Barbara Van Sittert, one of those women, said her husband, Logan, 73, has been heckled while playing golf and once found his locker defaced.
“They hooted and hollered at him and called his wife a whore,” said Barbara Van Sittert, 72. “It was not warm and fuzzy.”
Charges of sexism against private golf clubs are not uncommon. The Augusta National Golf Club in Georgia, where the Masters is held each year, does not permit women to be members.
But here in Arizona, where the governor, secretary of state, chief justice and Senate minority leader are women, it has rankled more than a few women that nonmember men have more rights than paying female members at the Phoenix Country Club, a century-old fixture in the city's social and business life, where it costs tens of thousands of dollars a year to belong.
Gov. Janet Napolitano, a Democrat, is not a member of the club, but Dennis Burke, her chief of staff, is. Burke has publicly opposed the separated dining rooms and in an interview called them “indefensible.”
Sen. John McCain, R-Ariz., does not belong to the club but has spoken there. The McCain presidential campaign declined to comment on the separate dining rooms.
Women at the club are not permitted to have lunch in the men's grill room with their husbands after a round of golf. They have been barred from trophy ceremonies after tournaments, even ones they have sponsored, and may not participate in one of the most sacred rituals of the men's grill room – sealing a deal with a client over a beer.
As teenage boys saunter into the sumptuously appointed men's grill room, their mothers are relegated to the ladies' grill, down the hall with a hot plate, some card tables and no bar.
“The ladies' grill is a very small room where a bunch of little old ladies gather to play cards,” said Wanda Diethelm, a health care executive.
“And if you make any noise, they shush you.”
Grumbling about the disparity has gone on for years.
But the casus belli was when the Van Sitterts, club members for 30 years, decided two years ago that they wanted to partake in some eggs together in the morning.
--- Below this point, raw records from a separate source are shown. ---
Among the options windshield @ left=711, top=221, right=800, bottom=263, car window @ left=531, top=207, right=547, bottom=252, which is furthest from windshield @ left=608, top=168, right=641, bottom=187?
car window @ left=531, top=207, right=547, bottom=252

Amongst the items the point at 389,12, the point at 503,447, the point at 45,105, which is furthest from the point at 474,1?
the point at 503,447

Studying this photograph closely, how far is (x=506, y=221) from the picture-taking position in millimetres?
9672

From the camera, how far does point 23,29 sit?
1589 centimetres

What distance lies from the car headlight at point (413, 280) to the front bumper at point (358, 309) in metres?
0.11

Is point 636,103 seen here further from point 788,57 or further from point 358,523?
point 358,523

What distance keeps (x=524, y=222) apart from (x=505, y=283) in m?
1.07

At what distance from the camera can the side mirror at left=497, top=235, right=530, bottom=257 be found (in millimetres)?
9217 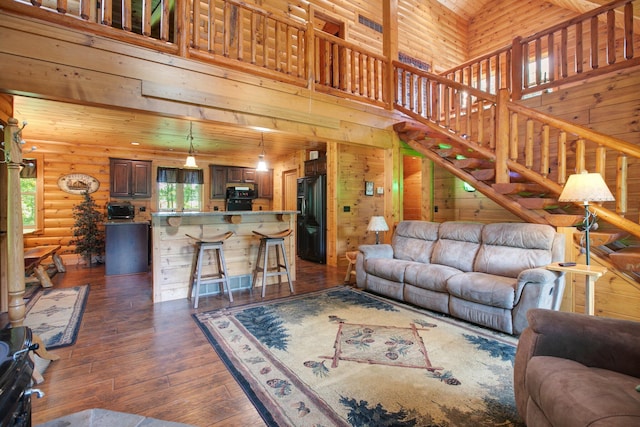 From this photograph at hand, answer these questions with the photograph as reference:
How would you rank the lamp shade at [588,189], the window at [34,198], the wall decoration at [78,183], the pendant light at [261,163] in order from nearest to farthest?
the lamp shade at [588,189] < the pendant light at [261,163] < the window at [34,198] < the wall decoration at [78,183]


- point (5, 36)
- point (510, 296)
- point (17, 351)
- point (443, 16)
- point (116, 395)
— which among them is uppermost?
point (443, 16)

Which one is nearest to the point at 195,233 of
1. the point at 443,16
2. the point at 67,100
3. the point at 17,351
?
the point at 67,100

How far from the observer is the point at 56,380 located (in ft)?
6.54

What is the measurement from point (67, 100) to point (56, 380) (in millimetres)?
2246

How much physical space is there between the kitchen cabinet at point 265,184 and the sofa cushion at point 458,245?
5.31 metres

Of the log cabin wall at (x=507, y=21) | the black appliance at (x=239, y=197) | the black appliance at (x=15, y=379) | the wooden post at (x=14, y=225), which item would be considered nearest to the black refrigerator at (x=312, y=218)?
the black appliance at (x=239, y=197)

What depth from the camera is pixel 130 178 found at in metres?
6.68

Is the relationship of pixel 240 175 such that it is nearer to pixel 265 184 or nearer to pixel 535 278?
pixel 265 184

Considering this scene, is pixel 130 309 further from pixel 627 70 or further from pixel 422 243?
pixel 627 70

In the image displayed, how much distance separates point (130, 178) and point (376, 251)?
576 centimetres

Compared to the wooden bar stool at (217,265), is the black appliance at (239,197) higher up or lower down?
higher up

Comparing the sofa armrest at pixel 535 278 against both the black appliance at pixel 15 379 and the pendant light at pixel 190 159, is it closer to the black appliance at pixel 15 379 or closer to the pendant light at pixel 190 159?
the black appliance at pixel 15 379

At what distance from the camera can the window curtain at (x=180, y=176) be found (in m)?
7.06

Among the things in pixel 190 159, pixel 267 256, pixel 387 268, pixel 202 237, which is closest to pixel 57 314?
pixel 202 237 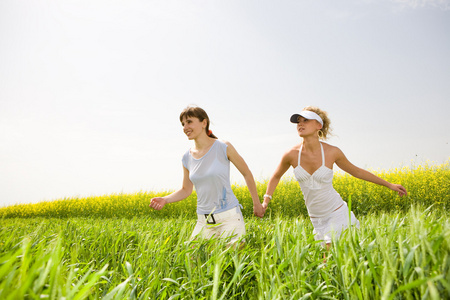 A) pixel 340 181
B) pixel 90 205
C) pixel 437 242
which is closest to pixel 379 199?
pixel 340 181

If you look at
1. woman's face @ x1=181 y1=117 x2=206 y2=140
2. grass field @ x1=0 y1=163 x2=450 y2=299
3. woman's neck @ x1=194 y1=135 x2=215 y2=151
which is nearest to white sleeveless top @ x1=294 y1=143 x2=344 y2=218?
grass field @ x1=0 y1=163 x2=450 y2=299

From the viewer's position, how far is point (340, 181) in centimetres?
1102

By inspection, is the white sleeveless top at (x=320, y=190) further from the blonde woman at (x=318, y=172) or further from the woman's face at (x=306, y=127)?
the woman's face at (x=306, y=127)

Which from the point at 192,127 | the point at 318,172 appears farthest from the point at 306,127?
the point at 192,127

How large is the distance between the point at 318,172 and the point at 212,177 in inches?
51.8

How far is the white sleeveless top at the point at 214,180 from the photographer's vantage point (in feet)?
12.4

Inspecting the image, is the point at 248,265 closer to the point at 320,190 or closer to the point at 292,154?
the point at 320,190

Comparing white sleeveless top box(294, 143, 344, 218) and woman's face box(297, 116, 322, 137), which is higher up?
woman's face box(297, 116, 322, 137)

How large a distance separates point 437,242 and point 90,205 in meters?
17.1

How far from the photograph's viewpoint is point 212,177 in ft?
12.5

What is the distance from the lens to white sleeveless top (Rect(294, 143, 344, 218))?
4066 millimetres

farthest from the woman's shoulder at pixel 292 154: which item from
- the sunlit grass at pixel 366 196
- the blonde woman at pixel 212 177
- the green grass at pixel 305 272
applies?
the sunlit grass at pixel 366 196

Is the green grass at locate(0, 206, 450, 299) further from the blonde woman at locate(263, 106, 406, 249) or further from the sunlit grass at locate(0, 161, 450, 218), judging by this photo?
the sunlit grass at locate(0, 161, 450, 218)

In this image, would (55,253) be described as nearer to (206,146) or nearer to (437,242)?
(437,242) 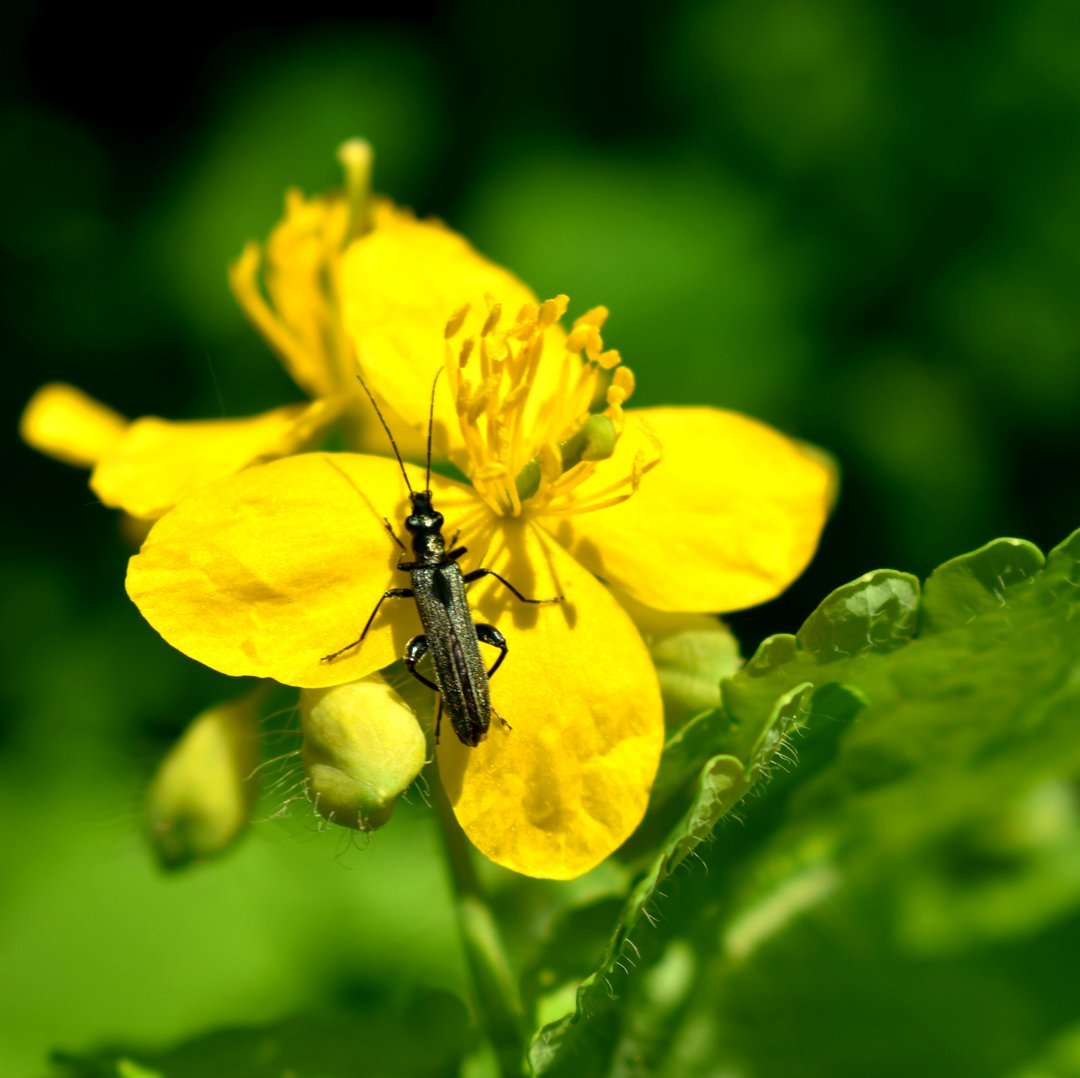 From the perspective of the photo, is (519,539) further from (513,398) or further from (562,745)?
(562,745)

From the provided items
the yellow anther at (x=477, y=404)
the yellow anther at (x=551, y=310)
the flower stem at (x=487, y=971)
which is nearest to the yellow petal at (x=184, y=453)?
the yellow anther at (x=477, y=404)

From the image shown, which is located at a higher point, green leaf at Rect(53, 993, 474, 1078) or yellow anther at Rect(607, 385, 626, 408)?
yellow anther at Rect(607, 385, 626, 408)

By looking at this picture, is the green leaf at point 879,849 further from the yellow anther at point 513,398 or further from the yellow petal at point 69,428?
the yellow petal at point 69,428

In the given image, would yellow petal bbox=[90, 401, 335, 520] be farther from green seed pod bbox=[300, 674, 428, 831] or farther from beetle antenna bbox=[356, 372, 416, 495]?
green seed pod bbox=[300, 674, 428, 831]

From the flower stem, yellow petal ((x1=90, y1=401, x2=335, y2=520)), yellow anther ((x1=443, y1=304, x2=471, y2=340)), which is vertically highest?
yellow anther ((x1=443, y1=304, x2=471, y2=340))

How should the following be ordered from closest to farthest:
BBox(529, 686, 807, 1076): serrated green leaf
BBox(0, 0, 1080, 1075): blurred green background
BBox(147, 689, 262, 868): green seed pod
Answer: BBox(529, 686, 807, 1076): serrated green leaf → BBox(147, 689, 262, 868): green seed pod → BBox(0, 0, 1080, 1075): blurred green background

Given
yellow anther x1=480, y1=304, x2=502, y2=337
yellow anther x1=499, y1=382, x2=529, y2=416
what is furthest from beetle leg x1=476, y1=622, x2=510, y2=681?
yellow anther x1=480, y1=304, x2=502, y2=337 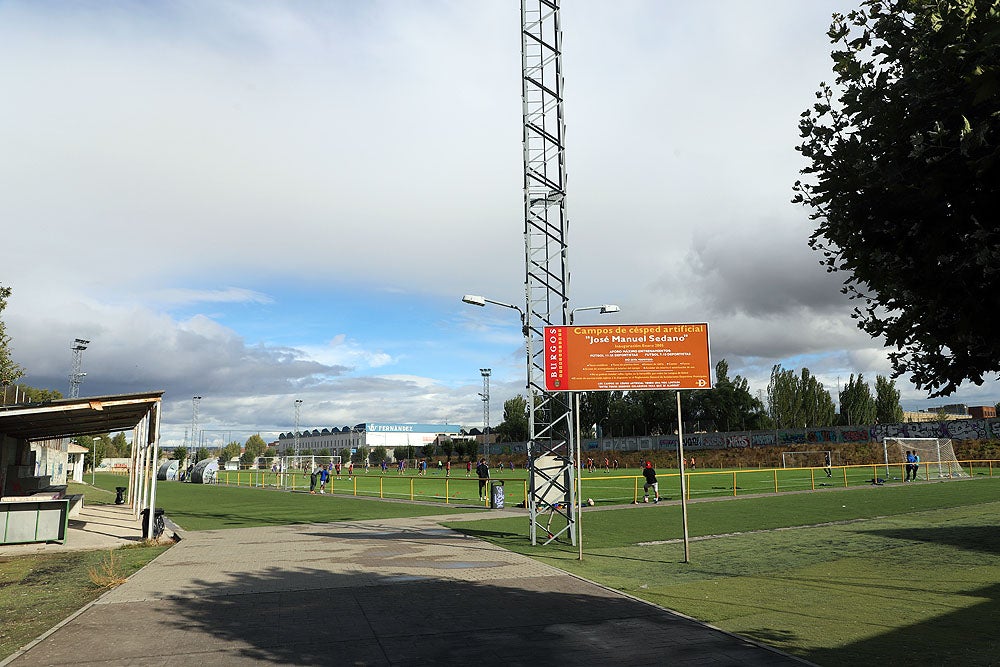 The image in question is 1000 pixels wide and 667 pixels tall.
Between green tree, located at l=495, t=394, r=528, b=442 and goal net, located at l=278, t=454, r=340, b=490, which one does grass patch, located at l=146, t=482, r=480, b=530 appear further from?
green tree, located at l=495, t=394, r=528, b=442

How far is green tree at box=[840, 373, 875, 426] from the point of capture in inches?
3570

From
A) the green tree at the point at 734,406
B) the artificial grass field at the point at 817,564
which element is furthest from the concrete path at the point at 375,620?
the green tree at the point at 734,406

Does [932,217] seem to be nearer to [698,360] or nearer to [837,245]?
[837,245]

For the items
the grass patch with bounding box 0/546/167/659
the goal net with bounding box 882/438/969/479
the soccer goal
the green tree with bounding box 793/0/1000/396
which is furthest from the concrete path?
the soccer goal

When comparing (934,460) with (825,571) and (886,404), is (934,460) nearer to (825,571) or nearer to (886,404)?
(825,571)

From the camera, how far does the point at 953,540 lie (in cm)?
1433

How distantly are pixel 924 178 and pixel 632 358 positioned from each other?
10.3 meters

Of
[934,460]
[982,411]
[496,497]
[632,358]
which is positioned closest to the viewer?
[632,358]

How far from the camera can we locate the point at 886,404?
90.8 m

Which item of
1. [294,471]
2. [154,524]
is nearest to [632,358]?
[154,524]

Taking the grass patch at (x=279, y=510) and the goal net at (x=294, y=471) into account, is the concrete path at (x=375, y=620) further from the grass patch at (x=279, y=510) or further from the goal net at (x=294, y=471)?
the goal net at (x=294, y=471)

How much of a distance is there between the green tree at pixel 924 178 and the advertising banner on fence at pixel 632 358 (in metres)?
8.71

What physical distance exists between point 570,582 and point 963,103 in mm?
9271

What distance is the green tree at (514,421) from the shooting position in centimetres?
12231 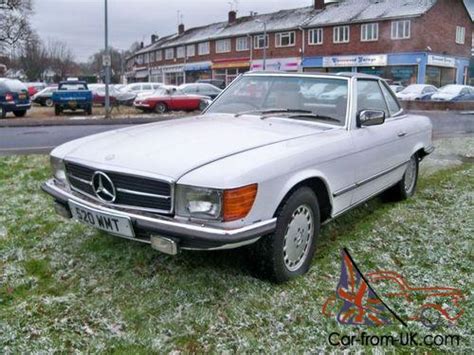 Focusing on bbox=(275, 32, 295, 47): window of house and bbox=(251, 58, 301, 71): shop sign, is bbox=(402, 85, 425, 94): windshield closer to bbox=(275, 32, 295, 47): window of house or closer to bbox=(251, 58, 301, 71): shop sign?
bbox=(251, 58, 301, 71): shop sign

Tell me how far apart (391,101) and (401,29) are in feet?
114

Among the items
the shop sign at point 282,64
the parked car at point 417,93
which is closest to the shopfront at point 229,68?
the shop sign at point 282,64

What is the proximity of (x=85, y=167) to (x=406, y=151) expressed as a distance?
3576 mm

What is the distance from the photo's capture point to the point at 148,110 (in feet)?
70.6

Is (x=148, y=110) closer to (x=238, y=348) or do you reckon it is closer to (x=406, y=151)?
(x=406, y=151)

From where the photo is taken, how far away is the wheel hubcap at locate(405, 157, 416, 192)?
18.6 ft

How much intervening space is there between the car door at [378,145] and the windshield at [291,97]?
0.23m

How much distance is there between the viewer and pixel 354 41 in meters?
39.4

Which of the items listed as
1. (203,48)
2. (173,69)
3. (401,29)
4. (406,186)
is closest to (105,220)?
(406,186)

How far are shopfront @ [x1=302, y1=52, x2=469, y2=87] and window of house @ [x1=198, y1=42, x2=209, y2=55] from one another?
48.4 ft

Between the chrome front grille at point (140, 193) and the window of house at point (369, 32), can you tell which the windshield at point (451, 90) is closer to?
the window of house at point (369, 32)

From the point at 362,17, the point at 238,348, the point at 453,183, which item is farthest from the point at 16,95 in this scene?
the point at 362,17

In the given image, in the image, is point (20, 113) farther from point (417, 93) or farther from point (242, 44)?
point (242, 44)

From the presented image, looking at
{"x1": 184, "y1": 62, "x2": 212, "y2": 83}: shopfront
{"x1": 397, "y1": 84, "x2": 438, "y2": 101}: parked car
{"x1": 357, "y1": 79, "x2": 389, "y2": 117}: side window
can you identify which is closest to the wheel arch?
{"x1": 357, "y1": 79, "x2": 389, "y2": 117}: side window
They appealed to the club's board to change its dining policies so they could eat together in the men's grill room, but were rebuffed.
The couple filed a complaint with the civil rights division of the Arizona Attorney General's Office, arguing that though the club is private and not inherently subject to the state's anti-discrimination laws, it is the equivalent of a public accommodation because it receives much of its revenue from nonmembers, including speeches, tournaments, Rotary Club meetings and the like.
This month, the Attorney General's Office agreed with the couple, issuing an advisory legal opinion that the club needed to comply with the state's anti-discrimination laws.
The office's investigation, according to a copy of its findings, noted the inadequacy of the women's facility while listing the lopsided benefits of the men's: three high-definition televisions, a buffet and a bar, and gorgeous views of the golf course. (The office would not comment; parties in a civil rights determination have 30 days to work out their differences privately.)
Attorneys for the country club did not return calls.
A reporter stopped by the club, which is under renovation and partially closed, and found the general manager, Pasquale LaRocca.
LaRocca said that the attorney general's findings were “not binding” and that he hoped “it would not come” to a lawsuit.
The renovated club will have the same formal dining room now used by men and women, and separate male and female grill rooms but with “equivalent accommodations,” he said.